Tuesday, April 30, 2013

The Return of Pregnancy Worry (but everything is OK!)

I've written previously about how I no longer felt worry during my pregnancy.  I knew it would come back eventually near the end due to my experience with having Eliot, but I didn't think I'd find myself so overwhelmed with anxiety so early.  I felt that worry yesterday.

At my 31-week appointment, I mentioned to my doctor that I had an emergency induction with Eliot due to low (almost NO) fluid.  I know it sounds overbearing, but I make it a point to tell every different doctor that I see because I regret not making a bigger fuss over it with Eliot.  With Eliot, I thought I had been losing fluid for about two weeks.  I even went to the hospital on New Year's Eve (contractions increasingly close together and painful for over 12 hours plus worries of losing fluid), but got sent home.  I called my doctor and spoke to the receptionist.  I told my nurse.  I told my doctor.  Everyone told me I was wrong.  That is, until I had an ultrasound when I was four days late.  And then the ultrasound tech didn't tell me anything.  At all.  She didn't even point out the heartbeat.  That's how I knew something was not right--because suddenly people weren't telling me I was wrong anymore.  Praise God, after an emergency induction, I delivered Eliot without any complications and he was perfectly healthy.  We had a few scary moments, but he and I were absolutely fine.

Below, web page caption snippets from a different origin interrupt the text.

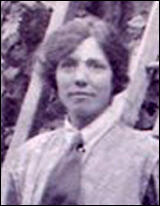 Gladys Evans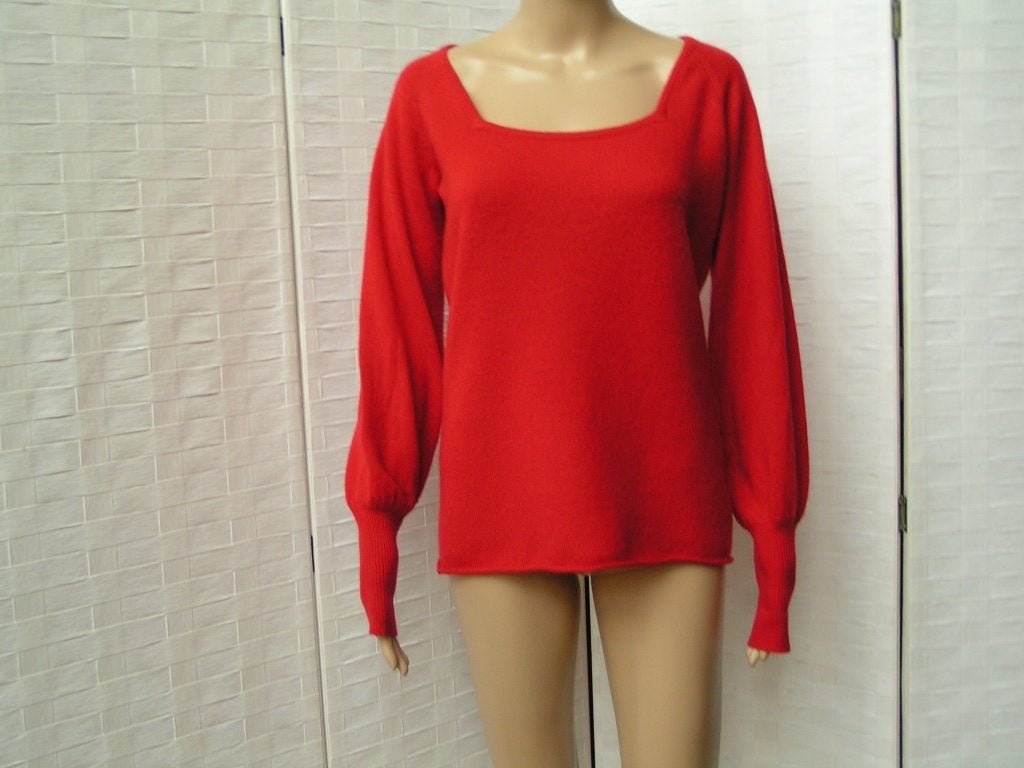 LEO&UGO casmere trui,Mt 38(2) ITA46),100%cashmere ,als nieuw, Kleding | Dames, Maat 38/40 (M), Tweedehands, Tweedehands, Ophalen of Verzenden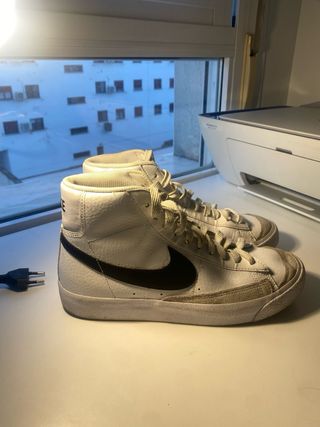 Nike Blazer Mid Talla 40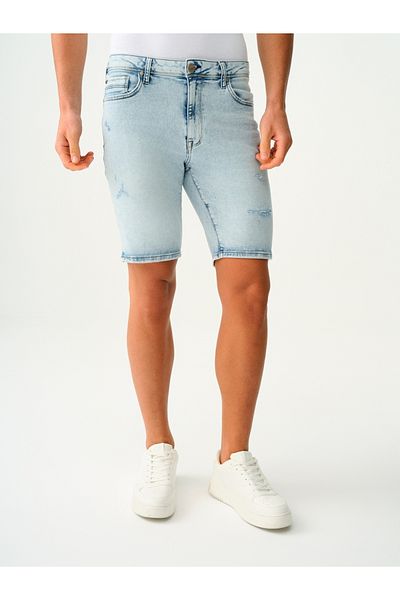 Loft Pantaloni scurți Slim Fit pentru bărbați
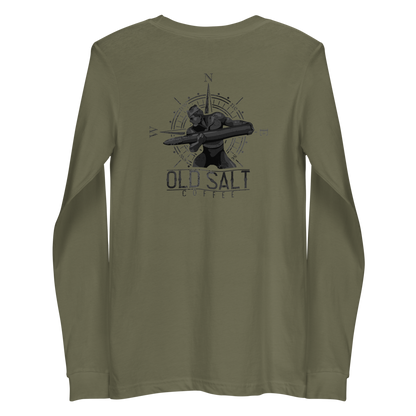 Haze Gray Long Sleeve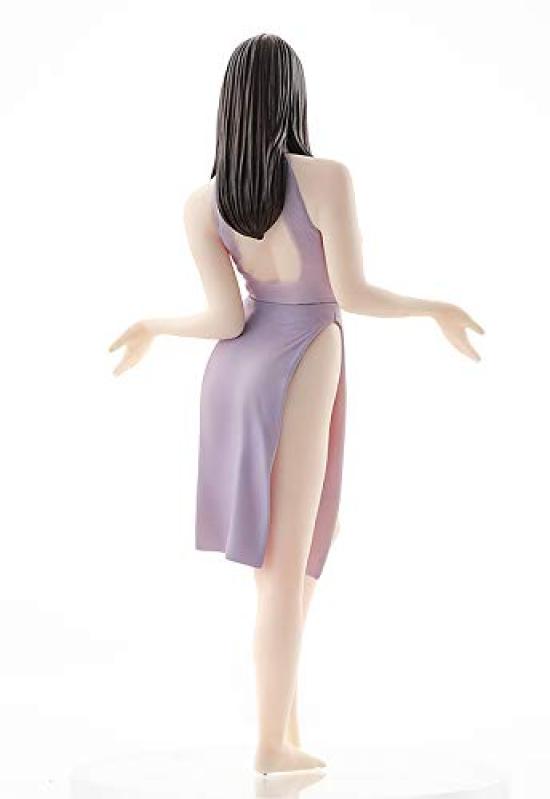 Max Factory PLAMAX Naked Angel Yumeno Aika Масштаб PS Сборный пластиковый модельный набор Перепродажа 1/20 1/20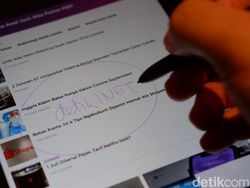 Unboxing Galaxy Tab S6 Lite, Tablet Rp 7 Juta untuk Temani WFH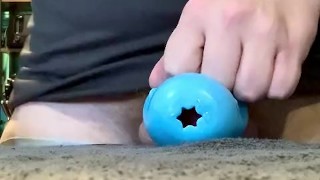 Stroking For You Strong Cumshot - OF dorkeith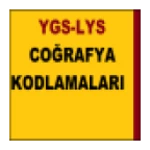 Logo of YGS-LYS COĞRAFYA KODLAMALARI android Application 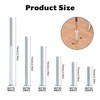 430 Piece M3 Screws Set, Countersunk Screw Set, Machine Screws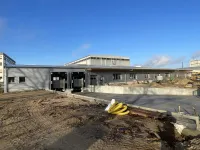 SiGeKo - Erweiterung ZSP-DHL, Erlangen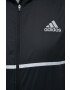 adidas Performance jachetă de alergare Own The Run culoarea negru de tranzitie - Pled.ro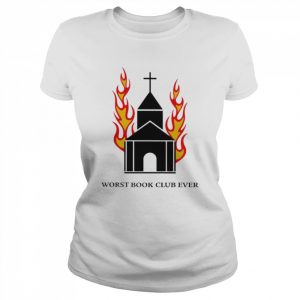 Worst Book Club Ever  Classic Women's T-shirt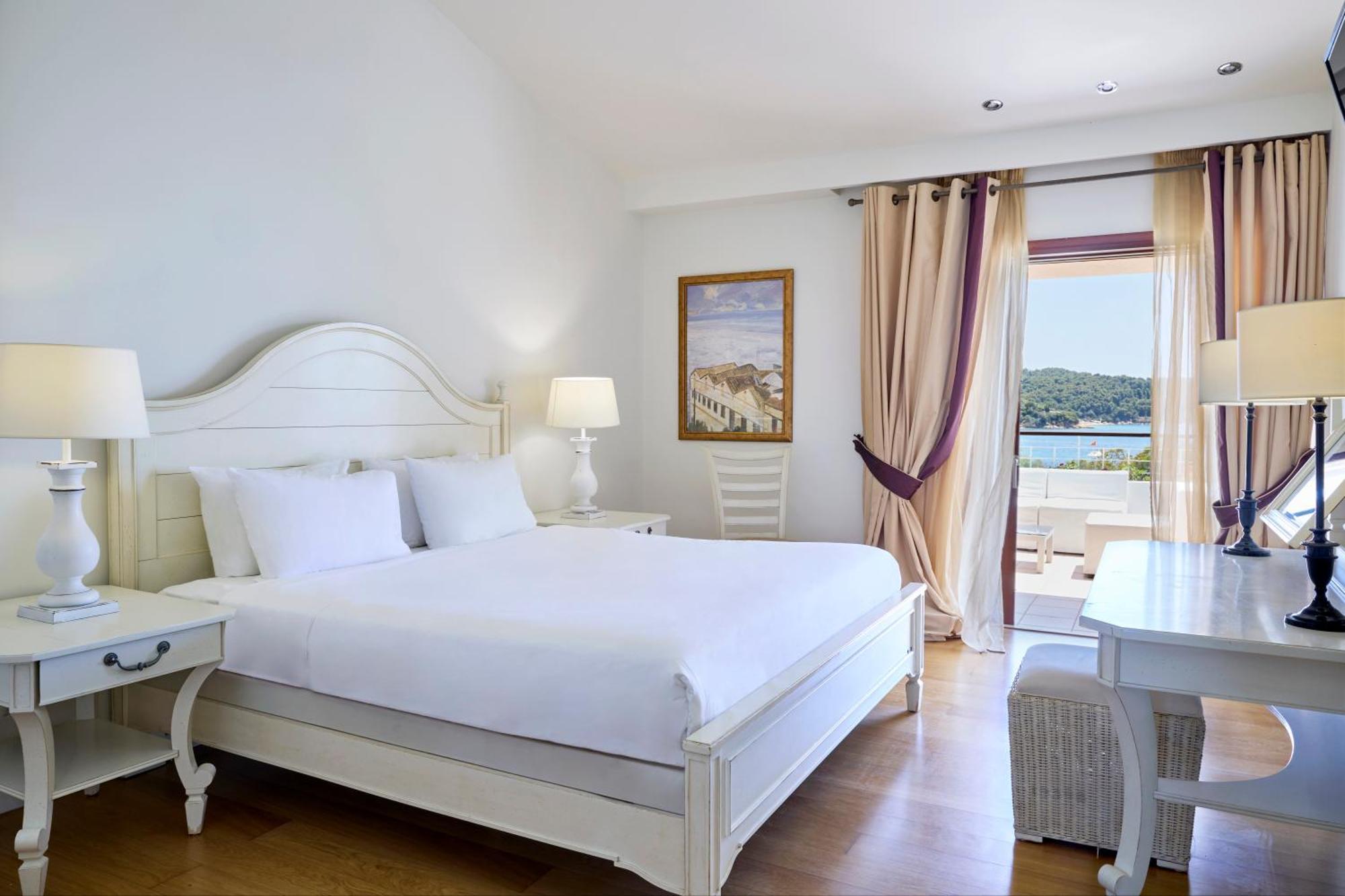 Princess Resort, Santikos Collection Agia Paraskevi  Eksteriør billede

After that experience, though, I vowed to be the one to make a fuss (even though I had tried with Eliot).  I swore to be the one to make an even larger fuss until I am heard.  Fortunately, though, the doctors here seem to listen.  At my appointment, the doctor suggested that I have an ultrasound even though it wasn't planned.  He said we'd just check to the fluid to be safe.  Since it happened last time, I'm at risk for it occurring again.

I sat in the waiting room for about 45 minutes.  I called Chris and explained that it wasn't a big deal, no reason to worry, just a precaution.  As soon as I got off the phone with him, I ran through every scenario.  What if the fluid was already low?  What if I had to have a c-section immediately?  What if I had to have Jack this early and he couldn't come home with us?  What if Jack would be in the NICU for weeks and weeks?  How could I handle that, recover from surgery, and look after Eliot?  I was sick with worry--and I had no reason to be worried at all.

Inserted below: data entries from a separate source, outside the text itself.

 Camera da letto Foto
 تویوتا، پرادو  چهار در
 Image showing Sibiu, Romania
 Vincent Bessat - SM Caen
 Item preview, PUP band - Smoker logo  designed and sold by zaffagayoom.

The lady called my name.  She had me explain the situation.  She was gentle and kind.  She said we'd check everything out.  Also, I had only gained a pound in three weeks, which had me worried (but the doctor didn't seem concerned), so she took all of Jack's measurements.

I thank God that everything was fine.  Jack is right on track.  He has plenty of fluid.  He even has a little bit of hair.  The tech pointed out that Jack was practicing breathing; she assured me that a baby in distress would not be doing that.  I could have hugged that ultrasound tech, but not because she gave me good news.  No, because she treated me so kindly and made me feel like I wasn't alone during a scary time.  I know my other tech with Eliot might have not been allowed to interpret the ultrasound for us (maybe the doctor wanted to reserve that for her), but she felt so distant.

This all does have me thinking a little more, though.  We're nine weeks out, but we don't have any diapers, the car seat isn't installed, our bags are not packed, and so many other last minute things remain undone.  It still is a bit early for that, but I think I'll try to get to those when I hit 36 weeks instead of waiting longer.

Also, I have been planning to be induced on or around my due date at 40 weeks because of my risk of low fluid.  The doctors have told me, though, that I can be induced at 39 weeks if I want.  I had been leaning more toward 40 to give my body time to gear up for birth itself.  Which is a bigger risk?  Waiting til 40 with the possibility of low fluid, Jack going into distress, and having an emergency c-section (my biggest fear with Eliot and now my biggest with Jack too)?  Or being induced at 39 weeks, my body not being as ready as it could be, having a tougher labor, and having a c-section because it is taking dangerously too long?  Ah, it's complicated.  I'll keep talking to the doctors and see how I progress as I get close to my due date.

By the way, I know natural is better and more preferred.  Believe me, the last thing I wanted with Eliot was a c-section and the second to last thing I wanted was to be induced.  For some reason, the ladies in my family seem to come late and still require being induced.  I would much rather have a natural birth with little to no interventions; however, low amniotic fluid is very dangerous for the baby, and I don't want to mess around with it at all.